EXTRACTED INFORMATION »
____________________

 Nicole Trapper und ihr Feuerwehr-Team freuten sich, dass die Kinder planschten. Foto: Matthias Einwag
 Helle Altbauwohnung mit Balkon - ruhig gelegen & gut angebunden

____________________

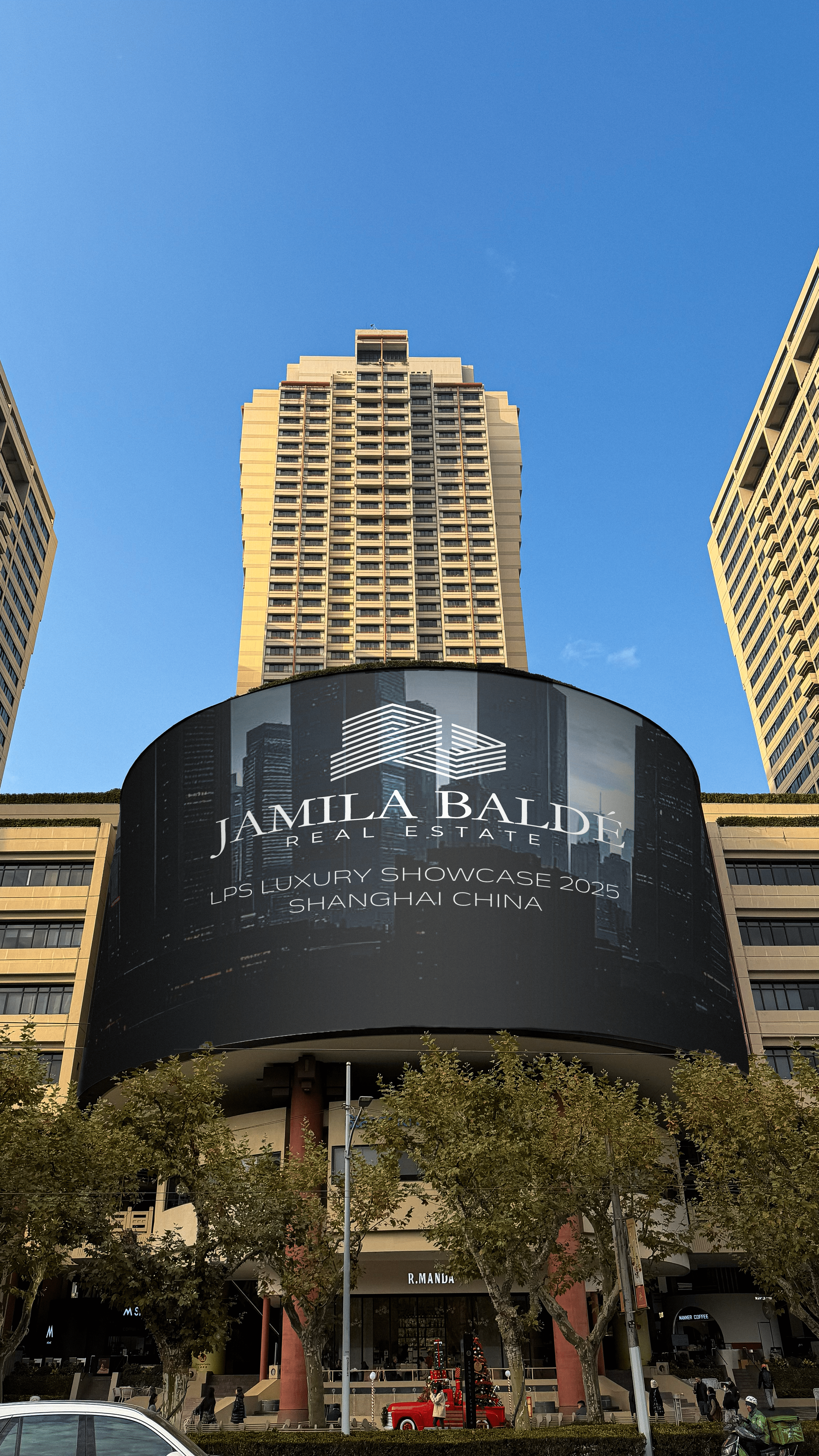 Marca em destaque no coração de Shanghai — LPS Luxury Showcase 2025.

____________________

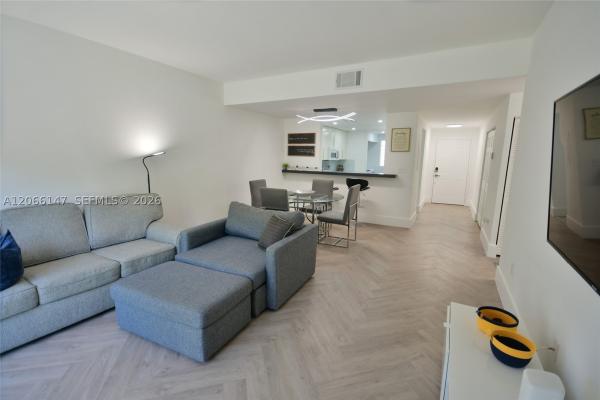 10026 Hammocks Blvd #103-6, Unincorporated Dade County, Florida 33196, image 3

____________________

WORK REQUEST » The listing above holds a line with "Nicole Trapper und" and a line with "Helle Altbauwohnung mit". Print the stretch from the first through the second, exactly and alone.

RESPONSE BOX »
 Nicole Trapper und ihr Feuerwehr-Team freuten sich, dass die Kinder planschten. Foto: Matthias Einwag
 Helle Altbauwohnung mit Balkon - ruhig gelegen & gut angebunden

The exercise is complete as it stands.